Task requirements »
Only the lines of the data below from the one with "窝囊废何敬书[耽美]韩漫全集-第1-5话无删减无遮挡章节图片" through the one with "ASAP By Axie Oh" are wanted. Repeat them exactly.

Records drawn from a dataset »
★ ★ ★
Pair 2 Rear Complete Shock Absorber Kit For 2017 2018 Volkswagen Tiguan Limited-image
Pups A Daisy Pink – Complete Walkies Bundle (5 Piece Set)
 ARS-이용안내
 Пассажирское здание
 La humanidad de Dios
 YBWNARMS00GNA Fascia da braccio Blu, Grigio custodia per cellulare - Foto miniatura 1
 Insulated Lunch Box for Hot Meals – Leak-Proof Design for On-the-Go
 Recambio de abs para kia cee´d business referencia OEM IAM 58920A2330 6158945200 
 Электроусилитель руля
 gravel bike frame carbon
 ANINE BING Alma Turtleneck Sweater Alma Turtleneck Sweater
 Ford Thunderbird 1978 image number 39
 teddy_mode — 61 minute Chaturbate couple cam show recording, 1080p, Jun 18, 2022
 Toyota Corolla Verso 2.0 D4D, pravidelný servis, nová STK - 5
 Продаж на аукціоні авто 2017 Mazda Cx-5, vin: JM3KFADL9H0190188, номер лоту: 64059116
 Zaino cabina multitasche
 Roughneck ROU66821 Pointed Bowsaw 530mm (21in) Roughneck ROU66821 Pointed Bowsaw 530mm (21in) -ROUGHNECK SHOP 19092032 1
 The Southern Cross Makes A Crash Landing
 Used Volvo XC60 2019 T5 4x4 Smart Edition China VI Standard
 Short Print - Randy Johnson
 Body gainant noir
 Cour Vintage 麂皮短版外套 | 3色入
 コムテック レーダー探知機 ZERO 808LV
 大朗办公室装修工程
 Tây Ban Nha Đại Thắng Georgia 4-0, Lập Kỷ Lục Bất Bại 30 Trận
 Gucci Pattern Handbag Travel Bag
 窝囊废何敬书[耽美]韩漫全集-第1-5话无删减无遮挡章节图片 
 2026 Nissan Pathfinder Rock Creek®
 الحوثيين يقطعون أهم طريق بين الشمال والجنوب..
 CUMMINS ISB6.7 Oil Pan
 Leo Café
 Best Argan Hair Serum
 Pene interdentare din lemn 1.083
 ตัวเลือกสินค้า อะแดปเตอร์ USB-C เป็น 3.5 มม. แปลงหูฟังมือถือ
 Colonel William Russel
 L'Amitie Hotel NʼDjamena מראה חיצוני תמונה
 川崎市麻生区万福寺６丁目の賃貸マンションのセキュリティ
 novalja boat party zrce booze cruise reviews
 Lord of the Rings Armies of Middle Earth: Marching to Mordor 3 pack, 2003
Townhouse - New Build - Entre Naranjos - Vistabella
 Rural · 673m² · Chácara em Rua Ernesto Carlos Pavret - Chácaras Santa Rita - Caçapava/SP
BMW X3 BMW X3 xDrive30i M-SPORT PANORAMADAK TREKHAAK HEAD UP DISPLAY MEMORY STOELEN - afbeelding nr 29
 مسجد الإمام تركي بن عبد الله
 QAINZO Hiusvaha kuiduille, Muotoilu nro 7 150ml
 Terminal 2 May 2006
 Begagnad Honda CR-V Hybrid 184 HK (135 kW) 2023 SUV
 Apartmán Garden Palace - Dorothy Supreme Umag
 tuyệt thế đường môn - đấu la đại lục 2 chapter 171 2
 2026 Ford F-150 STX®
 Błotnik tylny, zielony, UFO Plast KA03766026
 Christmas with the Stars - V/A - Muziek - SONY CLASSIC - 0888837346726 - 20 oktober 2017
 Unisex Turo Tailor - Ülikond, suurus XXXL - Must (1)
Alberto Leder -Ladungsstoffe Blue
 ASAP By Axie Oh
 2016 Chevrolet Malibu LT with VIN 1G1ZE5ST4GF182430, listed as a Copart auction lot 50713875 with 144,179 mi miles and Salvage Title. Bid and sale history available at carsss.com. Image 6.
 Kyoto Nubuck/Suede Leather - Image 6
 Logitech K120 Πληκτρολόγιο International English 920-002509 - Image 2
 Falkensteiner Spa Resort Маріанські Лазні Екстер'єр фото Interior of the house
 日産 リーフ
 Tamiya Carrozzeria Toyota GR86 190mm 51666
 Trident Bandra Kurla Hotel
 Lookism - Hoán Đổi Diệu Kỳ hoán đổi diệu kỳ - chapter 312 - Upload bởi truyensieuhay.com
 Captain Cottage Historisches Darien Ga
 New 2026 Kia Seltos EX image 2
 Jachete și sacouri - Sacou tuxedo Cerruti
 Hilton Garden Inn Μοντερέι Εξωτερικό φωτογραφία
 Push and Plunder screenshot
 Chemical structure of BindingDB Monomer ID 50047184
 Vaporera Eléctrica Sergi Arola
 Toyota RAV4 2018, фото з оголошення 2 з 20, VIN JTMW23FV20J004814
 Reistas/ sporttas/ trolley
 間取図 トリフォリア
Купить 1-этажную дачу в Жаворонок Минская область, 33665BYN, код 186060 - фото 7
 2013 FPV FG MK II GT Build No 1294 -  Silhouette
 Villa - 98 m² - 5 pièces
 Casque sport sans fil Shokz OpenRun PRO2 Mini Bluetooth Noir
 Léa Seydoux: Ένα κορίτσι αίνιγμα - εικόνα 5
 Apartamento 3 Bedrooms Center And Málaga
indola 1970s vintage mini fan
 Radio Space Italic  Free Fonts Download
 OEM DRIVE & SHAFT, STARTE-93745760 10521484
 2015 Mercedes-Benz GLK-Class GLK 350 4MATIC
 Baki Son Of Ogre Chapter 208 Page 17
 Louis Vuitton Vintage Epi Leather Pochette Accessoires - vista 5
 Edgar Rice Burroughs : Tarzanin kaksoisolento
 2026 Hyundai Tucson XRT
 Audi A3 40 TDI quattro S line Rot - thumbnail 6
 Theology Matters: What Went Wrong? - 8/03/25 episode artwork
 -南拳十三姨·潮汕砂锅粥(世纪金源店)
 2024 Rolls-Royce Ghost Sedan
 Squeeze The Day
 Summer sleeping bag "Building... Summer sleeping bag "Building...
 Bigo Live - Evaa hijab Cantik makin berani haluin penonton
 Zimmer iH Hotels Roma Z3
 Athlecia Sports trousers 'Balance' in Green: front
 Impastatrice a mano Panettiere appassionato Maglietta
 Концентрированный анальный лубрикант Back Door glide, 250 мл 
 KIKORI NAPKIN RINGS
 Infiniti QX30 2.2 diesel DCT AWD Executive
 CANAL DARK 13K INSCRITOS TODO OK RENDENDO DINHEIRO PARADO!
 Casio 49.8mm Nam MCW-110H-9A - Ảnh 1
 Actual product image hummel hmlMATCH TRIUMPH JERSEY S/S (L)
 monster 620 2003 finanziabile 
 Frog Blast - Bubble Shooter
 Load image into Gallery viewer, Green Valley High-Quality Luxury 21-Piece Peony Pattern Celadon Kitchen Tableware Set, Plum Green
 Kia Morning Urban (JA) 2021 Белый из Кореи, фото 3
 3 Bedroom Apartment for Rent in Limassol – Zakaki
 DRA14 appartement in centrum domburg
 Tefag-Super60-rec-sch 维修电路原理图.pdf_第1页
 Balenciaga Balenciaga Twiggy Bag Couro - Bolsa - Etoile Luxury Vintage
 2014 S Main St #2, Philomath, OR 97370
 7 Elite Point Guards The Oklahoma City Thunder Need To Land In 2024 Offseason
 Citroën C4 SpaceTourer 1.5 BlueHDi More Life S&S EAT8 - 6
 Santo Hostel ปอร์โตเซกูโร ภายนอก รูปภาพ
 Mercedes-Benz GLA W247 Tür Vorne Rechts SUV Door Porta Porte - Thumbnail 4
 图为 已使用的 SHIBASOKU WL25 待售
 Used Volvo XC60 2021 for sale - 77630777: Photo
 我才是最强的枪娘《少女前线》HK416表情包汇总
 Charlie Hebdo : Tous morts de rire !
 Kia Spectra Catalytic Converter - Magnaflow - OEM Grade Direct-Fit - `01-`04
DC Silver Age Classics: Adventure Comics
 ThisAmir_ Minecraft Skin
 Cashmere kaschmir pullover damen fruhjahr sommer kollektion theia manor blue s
★ ★ ★
Response area »
 窝囊废何敬书[耽美]韩漫全集-第1-5话无删减无遮挡章节图片 
 2026 Nissan Pathfinder Rock Creek®
 الحوثيين يقطعون أهم طريق بين الشمال والجنوب..
 CUMMINS ISB6.7 Oil Pan
 Leo Café
 Best Argan Hair Serum
 Pene interdentare din lemn 1.083
 ตัวเลือกสินค้า อะแดปเตอร์ USB-C เป็น 3.5 มม. แปลงหูฟังมือถือ
 Colonel William Russel
 L'Amitie Hotel NʼDjamena מראה חיצוני תמונה
 川崎市麻生区万福寺６丁目の賃貸マンションのセキュリティ
 novalja boat party zrce booze cruise reviews
 Lord of the Rings Armies of Middle Earth: Marching to Mordor 3 pack, 2003
Townhouse - New Build - Entre Naranjos - Vistabella
 Rural · 673m² · Chácara em Rua Ernesto Carlos Pavret - Chácaras Santa Rita - Caçapava/SP
BMW X3 BMW X3 xDrive30i M-SPORT PANORAMADAK TREKHAAK HEAD UP DISPLAY MEMORY STOELEN - afbeelding nr 29
 مسجد الإمام تركي بن عبد الله
 QAINZO Hiusvaha kuiduille, Muotoilu nro 7 150ml
 Terminal 2 May 2006
 Begagnad Honda CR-V Hybrid 184 HK (135 kW) 2023 SUV
 Apartmán Garden Palace - Dorothy Supreme Umag
 tuyệt thế đường môn - đấu la đại lục 2 chapter 171 2
 2026 Ford F-150 STX®
 Błotnik tylny, zielony, UFO Plast KA03766026
 Christmas with the Stars - V/A - Muziek - SONY CLASSIC - 0888837346726 - 20 oktober 2017
 Unisex Turo Tailor - Ülikond, suurus XXXL - Must (1)
Alberto Leder -Ladungsstoffe Blue
 ASAP By Axie Oh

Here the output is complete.